D’autres mesures sont tout aussi inquiétantes pour la sécurité des Français. Soucieuse de "détricoter" ce qu’avait fait la droite, Christiane Taubira s’apprête à supprimer les peines planchers créées il y a sept ans pour inciter les juges à prononcer des peines minimales en cas de récidive - par exemple, pas moins d’un an de prison pour un délit passible de trois ans. Cette mesure, que la France appliquait avant l’entrée en vigueur du nouveau code pénal, en 1994, est très fréquente à l’étranger. Elle a fait la preuve de son efficacité. Même si tous les tribunaux ne l’appliquent pas avec la même constance, la durée moyenne de la peine est passée de neuf à seize mois d’emprisonnement pour les récidivistes. C’est justement ce qui dérange la majorité socialiste.

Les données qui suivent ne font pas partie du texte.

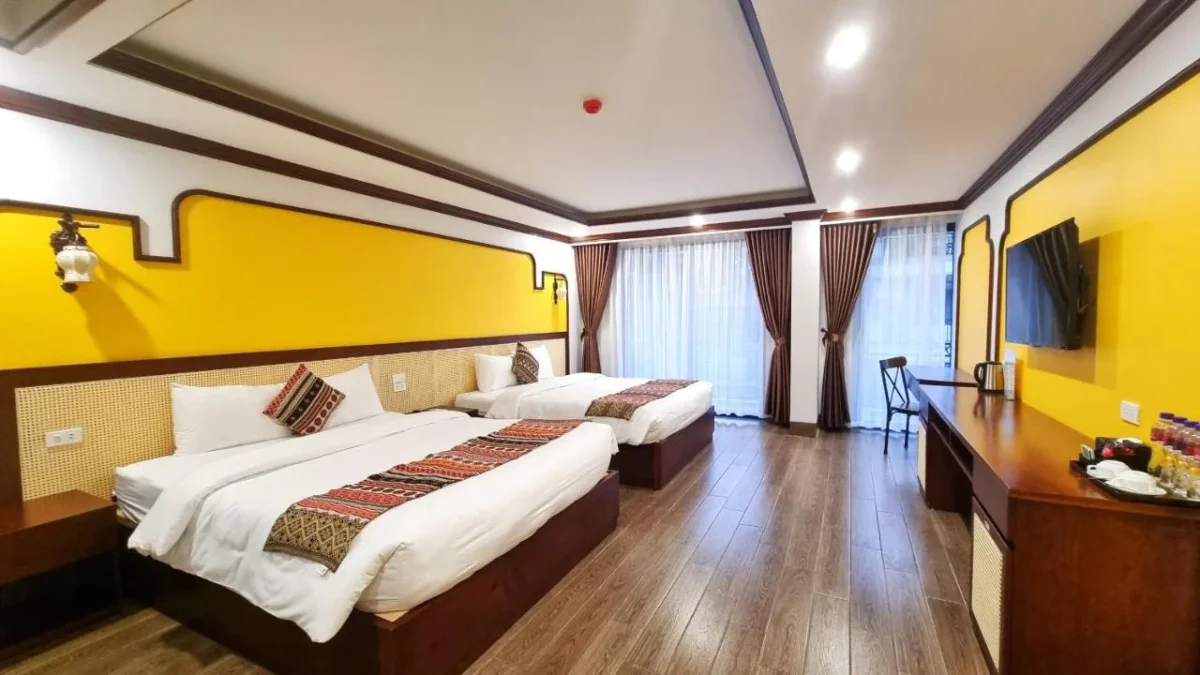 Khách sạn Le Chapa Hotel & Spa Sapa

Tout aussi grave est la révocation automatique du sursis simple : elle permettra aux délinquants d’échapper à la prison même en cas de récidive. Et ceux qui, par malchance, y seraient condamnés, seront presque assurés d’être libérés dès l’accomplissement de la moitié de leur peine, compte tenu des remises ordinaires et supplémentaires qui leur sont accordées ! « On institutionnalise un système d’érosion des peines qui affaiblit le crédit de l’autorité judiciaire ! », déplore un magistrat.
Beaucoup s’étonnent aussi des pouvoirs dévolus par cette réforme au juge d’application des peines : c’est lui qui fixera les obligations imposées dans le cadre de la contrainte pénale, c’est lui qui décidera de l’aménagement de la peine et de la libération anticipée du détenu, selon son comportement et non selon la gravité de sa faute. Que devient l’autorité de la chose jugée ? « On va nier le crime pour ne s’intéresser qu’au criminel », résume amèrement un juge d’instruction.

« La probation, telle qu’on l’applique, est un échec, les taux de récidive le prouvent et l’on persiste dans cette voie sans en avoir les moyens, s’étonne Béatrice Brugère, secrétaire générale adjointe du syndicat F0 Magistrats, qui juge la contrainte pénale inutile et dangereuse. Tous les amendements adoptés visent à aligner le récidiviste sur le primo-délinquant : ce projet nie la réalité criminologique et méconnaît la pratique des magistrats. Aujourd’hui, 30 % des crimes sont "correctionnalisés"à Paris. Il aurait mieux valu réfléchir sur l’échelle des peines... »

Les députés n’en auront guère le temps. Le gouvernement a choisi la procédure accélérée : trente heures de débat seulement pour un texte qui bouleversera la justice ! Et le groupe socialiste au Sénat veut absolument l’adopter avant la fin de cette session. La moitié des sièges de la Haute Assemblée sera renouvelée en septembre et le Sénat pourrait alors basculer à droite.